Looking at data through the lens of algebraic geometry

Algebraic methods yield insight into the geometry of datasets

August 21, 2018

In a world where huge amounts of information are released and collected every day, it has become essential to be able to give meaning to data sets and to recognise any underlying pattern in the collected data. In the recent article “Learning algebraic varieties from samples”, a group of researchers from the Max Planck Institute for Mathematics in the Sciences in Leipzig has presented a novel approach to the analysis of datasets that possess an inherent geometric structure.

Algebraic varieties naturally appear when studying datasets coming the natural sciences.

The constant production of information is one of the distinctive features of the time we live in.  Advancements in science and technology require us to be able to give meaning to such information and to be able to collect and handle such huge amounts in an efficient manner.

Mathematical structures naturally emerge in data analysis: very often data sets used in real-life applications possess an intrinsic geometric structure.
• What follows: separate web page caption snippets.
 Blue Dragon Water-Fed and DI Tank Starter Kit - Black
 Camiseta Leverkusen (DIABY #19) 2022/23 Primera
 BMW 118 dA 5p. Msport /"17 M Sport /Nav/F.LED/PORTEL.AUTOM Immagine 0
This is the case for data coming from medical imaging, image and video recognition, computer vision, mathematical biology, and chemistry. One of the biggest challenges in the mathematics of data today is that of being able to identify any such underlying geometric structure.
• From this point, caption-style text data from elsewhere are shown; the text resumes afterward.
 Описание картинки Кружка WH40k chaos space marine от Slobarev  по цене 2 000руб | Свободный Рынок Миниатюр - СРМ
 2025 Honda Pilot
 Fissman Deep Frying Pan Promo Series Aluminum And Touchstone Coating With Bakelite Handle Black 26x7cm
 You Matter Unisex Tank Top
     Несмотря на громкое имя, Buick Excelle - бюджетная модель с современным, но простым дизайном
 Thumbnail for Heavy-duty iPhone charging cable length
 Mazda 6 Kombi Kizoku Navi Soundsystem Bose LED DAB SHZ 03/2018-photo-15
A group of researchers affiliated to the MPI for Mathematics in the Sciences, led by prof. Bernd Sturmfels, has presented a new method to study geometrically distributed datasets. Their results have recently appeared in the Revista Matemática Complutense, a first-class mathematical journal that specialises in applied and computational mathematics.
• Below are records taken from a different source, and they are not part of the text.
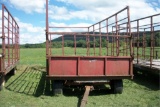 Farmco Metal Hay Wagon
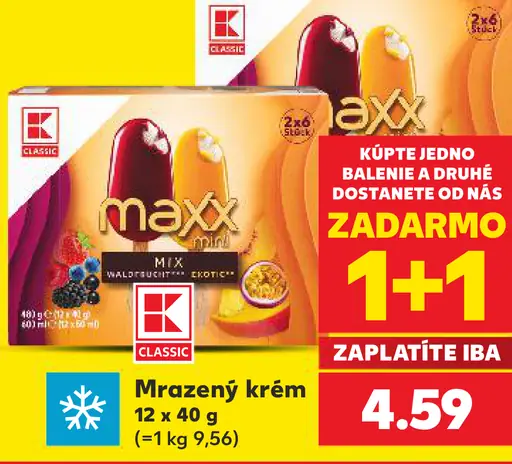 K-Classic Mrazený krém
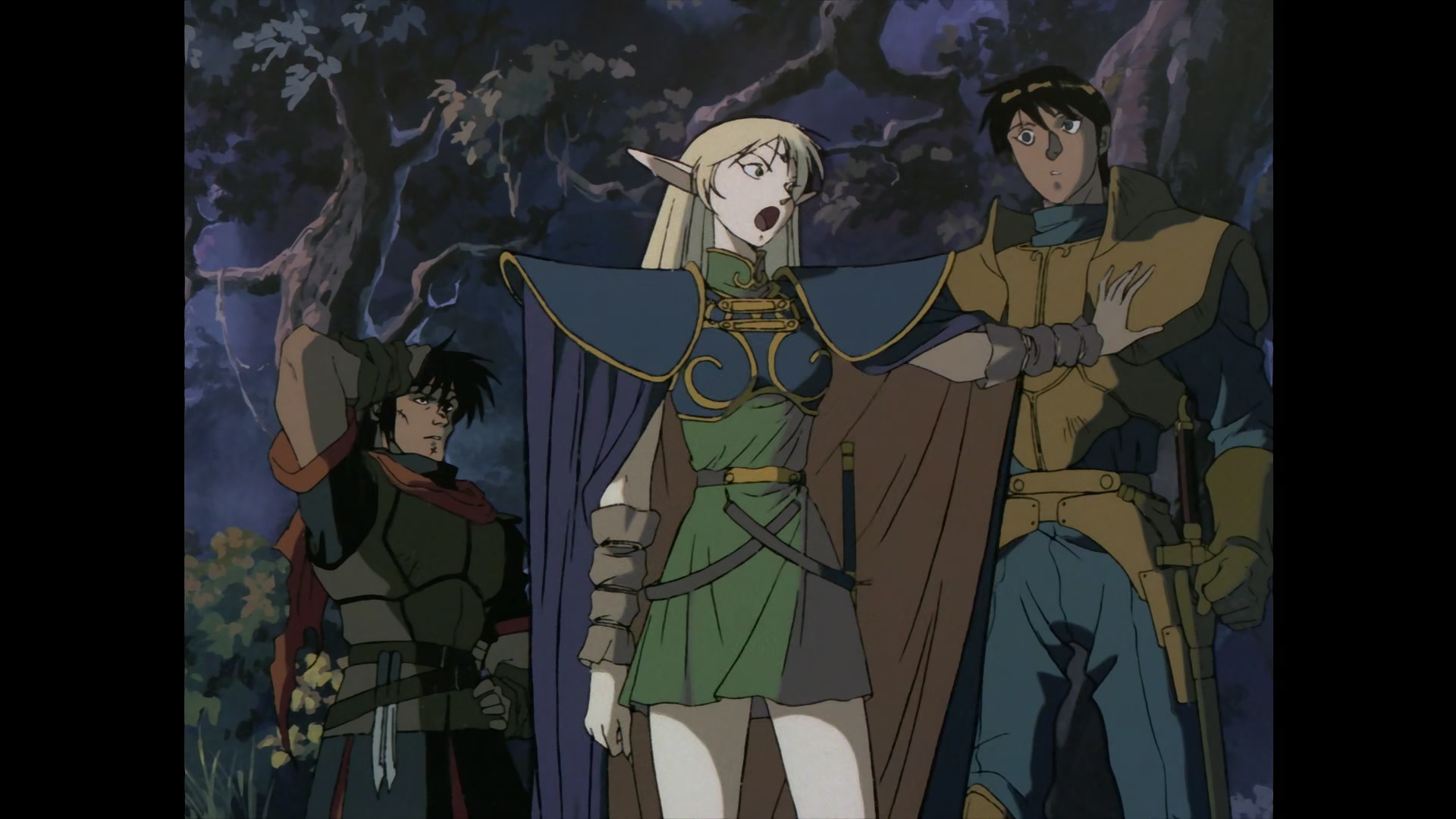 Record of Lodoss War Ep 4: The Grey Witch @ 00:08:45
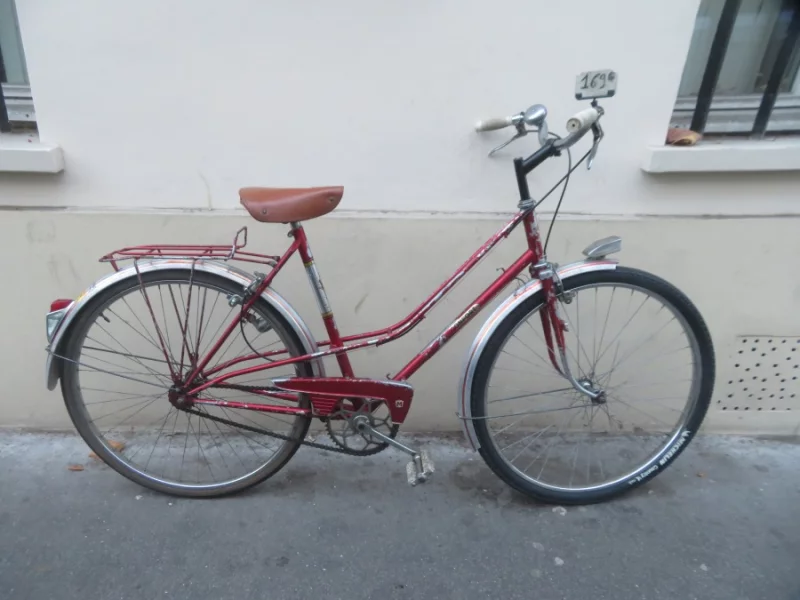 Vélo Vintage Ville Femme Motoconfort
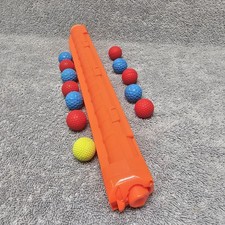 NERF Rival 12 Round Magazine Ammo Clip Orange OEM Replacement W/ 12 Balls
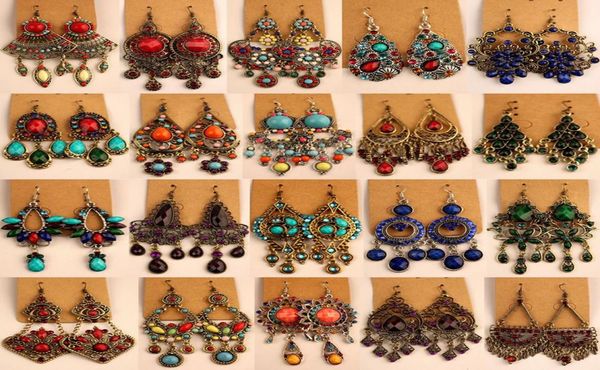 retro earrings vintage tibetan silverbronze resin gem diamond earrings folk style jewelry mixed 20 style 20pairslot4102444, Silver
retro earrings vintage tibetan silverbronze resin gem diamond earrings folk style jewelry mixed 20 style 20pairslot4102444, Silver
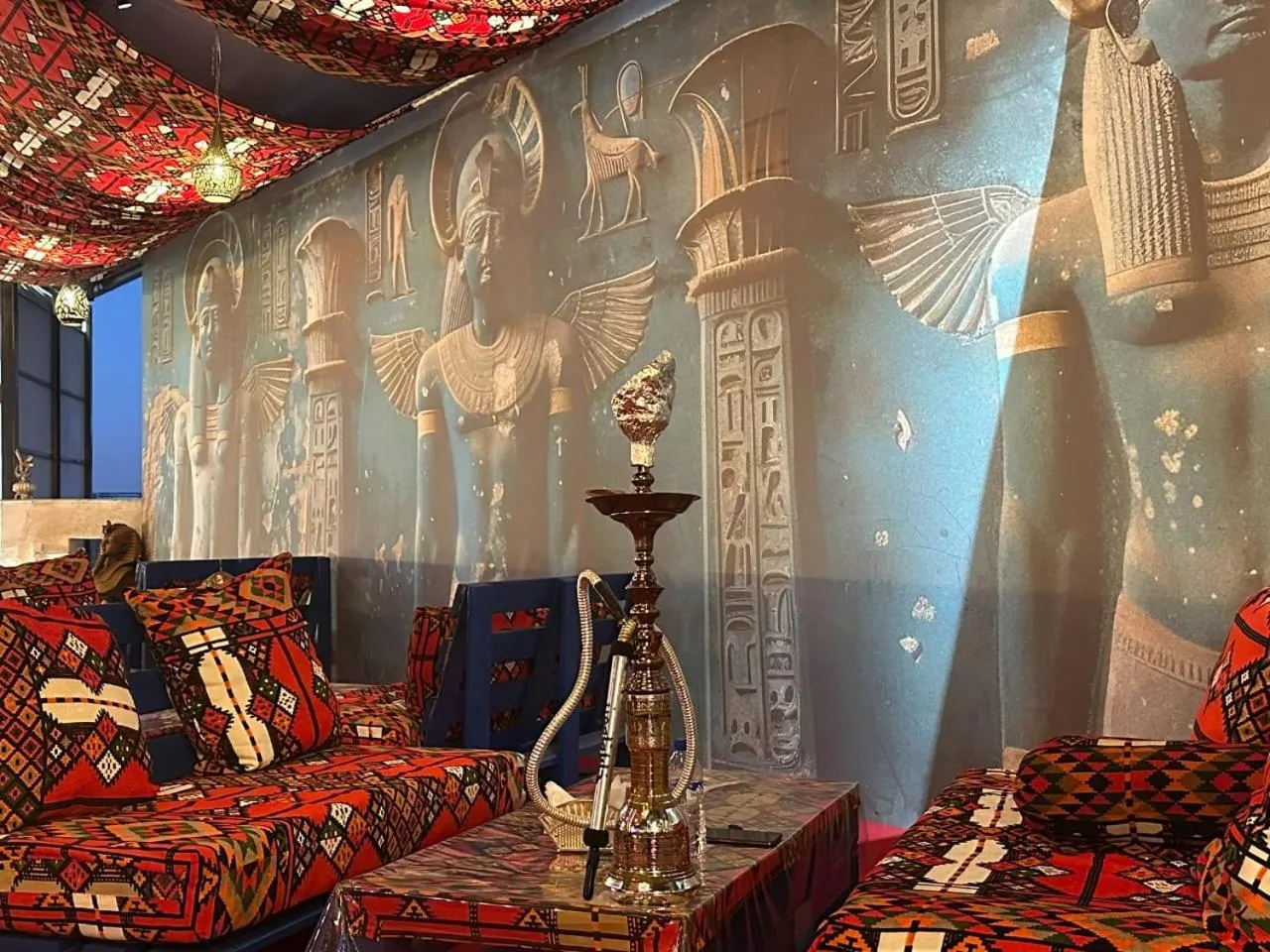 Restaurant/places to eat in Rayyan Hotel Samarkand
In the article “Learning algebraic varieties from samples”, the authors explain how to retrieve geometric information from a sufficiently ample data set and argue that it is possible to improve on the mathematical analysis by looking at data through the lenses of algebraic geometry.

One of the first issues they address is that of recognising low-dimensional datasets. In their article, the authors argue that ”the mathematics of data science is concerned with finding low-dimensional needles in high-dimensional haystacks.”

In practical applications, the geometrical shape along which the data is distributed depends on a fixed number of parameters, typically smaller than that used to describe the ambient space. Singling out the dimension of a collection is, therefore, a crucial step in the mathematical approach to data analysis. The authors propose to recognise the underlying shape as an algebraic variety, i.e. as a set of points on which a given polynomial vanishes, and then use the geometric properties of this variety to extract further information on the data, including the dimension.

The idea to use algebraic techniques is an innovative aspect of their work. Indeed, while the present approaches to geometrically distributed data tend to discard the underlying algebraic structure, the MPI MiS researchers were able to show that by exploiting the extra amount of information contained in the polynomial equations, it is possible to improve on the quality, accuracy and efficiency of the analysis.

In parallel to the more theoretical aspects of their study, the authors have also developed a software package that implements their procedure, written in the open-source programming language Julia, freely available to anyone working in the field. The use of the software package is discussed amply in the article, with an abundance of examples.

By putting their algorithm to test on datasets coming from a chemistry database, as in the example of the cyclooctane molecule, a simple hydrocarbon used in the production of plastic and other fibers, the authors were able to demonstrate that their technique can precisely identify the molecule using fewer data points than those required from other widely used approaches.

The presence of different complementary mathematical expertise within the group of authors, ranging from computational algebraic geometry to applied topology, has been vital for the success of the collaboration. This paper constitutes a first step towards the development of a new research current within the mathematics of data, as exemplified by the workshop “TAGS: Linking Topology to Algebraic Geometry and Statistics” organised at the institute earlier this year. 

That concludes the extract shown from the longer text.